Use standard RAG if: Your documents are short (under 5 pages), your queries are highly specific keyword searches, or you need zero additional API cost.

Use contextual retrieval if: You're working with long technical documents, legal contracts, research papers, or any corpus where chunks frequently reference earlier content.

What You Learned

Standard RAG fails because chunks lose surrounding context during splitting — the fix is prepending a Claude-generated summary before embedding
Prompt caching on the document text cuts enrichment costs by ~90% and is essential for production use
BM25 hybrid search recovers keyword-match cases that dense retrieval misses, especially for proper nouns and exact terms
Reciprocal Rank Fusion is a parameter-free merge strategy — it outperforms weighted sum in most RAG benchmarks without tuning
The reranker is the final quality gate — it re-scores on semantic relevance after retrieval, not before

Tested on Python 3.12, anthropic SDK 0.40, chromadb 0.5, rank-bm25 0.2.2, macOS and Ubuntu 24.04

FAQ

Q: Does contextual retrieval work with OpenAI embeddings instead of a local model? A: Yes. Replace HuggingFaceEmbeddings with OpenAIEmbeddings from langchain-openai. The enrichment logic is independent of the embedding model. Local models like BAAI/bge-small-en-v1.5 perform comparably on retrieval benchmarks and cost nothing per query.

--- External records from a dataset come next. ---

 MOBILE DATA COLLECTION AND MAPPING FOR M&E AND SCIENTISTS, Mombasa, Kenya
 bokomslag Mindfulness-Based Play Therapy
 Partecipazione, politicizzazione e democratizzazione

Q: What is the minimum context window needed to enrich chunks from long documents? A: Claude Sonnet supports 200k tokens. For most PDFs under 150 pages (~75k tokens), a single call handles the full document. For larger documents, split by section and enrich each section's chunks against only that section's text.

Q: Can I skip the reranker and just use RRF output directly? A: Yes, but accuracy drops. RRF improves recall; the reranker improves precision. If Cohere is too expensive (~$1/1k searches on the paid tier), use a local cross-encoder like cross-encoder/ms-marco-MiniLM-L-6-v2 via sentence-transformers — free and nearly as accurate.

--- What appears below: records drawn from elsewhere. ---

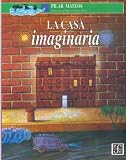 La casa imaginaria (Siri Pengurusan Dan Perniagaan Utusan) (Spanish Edition)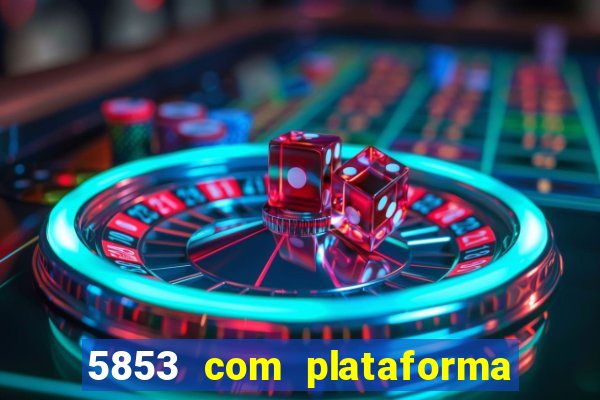 5853 com plataforma de jogos
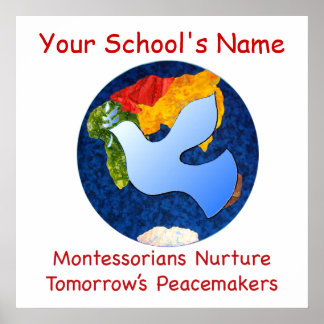 Custom Montessorians Nurture Peacemakers Print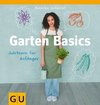 Garten Basics - Gärtnern für Anfänger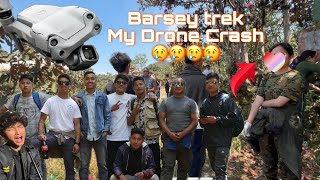 Barsey trek janda chuna lagyo😢 I crashed my new drone💔 [upl. by Natam691]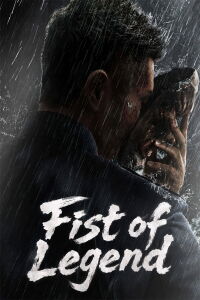 Fist of Legend (2019)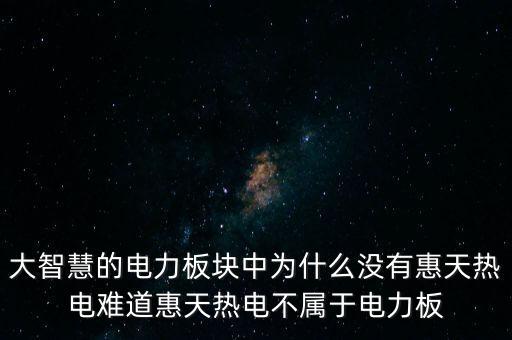 為什么惠天熱電股票長(zhǎng)不上，大智慧的電力板塊中為什么沒有惠天熱電難道惠天熱電不屬于電力板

Q: How does contextual retrieval handle duplicate or near-duplicate chunks? A: It doesn't deduplicate by default. Add a post-retrieval step that compares chunk embeddings and drops any result with cosine similarity > 0.95 to a higher-ranked result. ChromaDB doesn't expose this natively — run it in Python after retrieval.

Q: What chunk size works best with contextual retrieval? A: Anthropic's own tests used 512-token chunks with a 50-token context prefix. Smaller chunks (256 tokens) benefit more from context enrichment because they lose more coherence on their own. Larger chunks (1024 tokens) need less enrichment but slow reranking.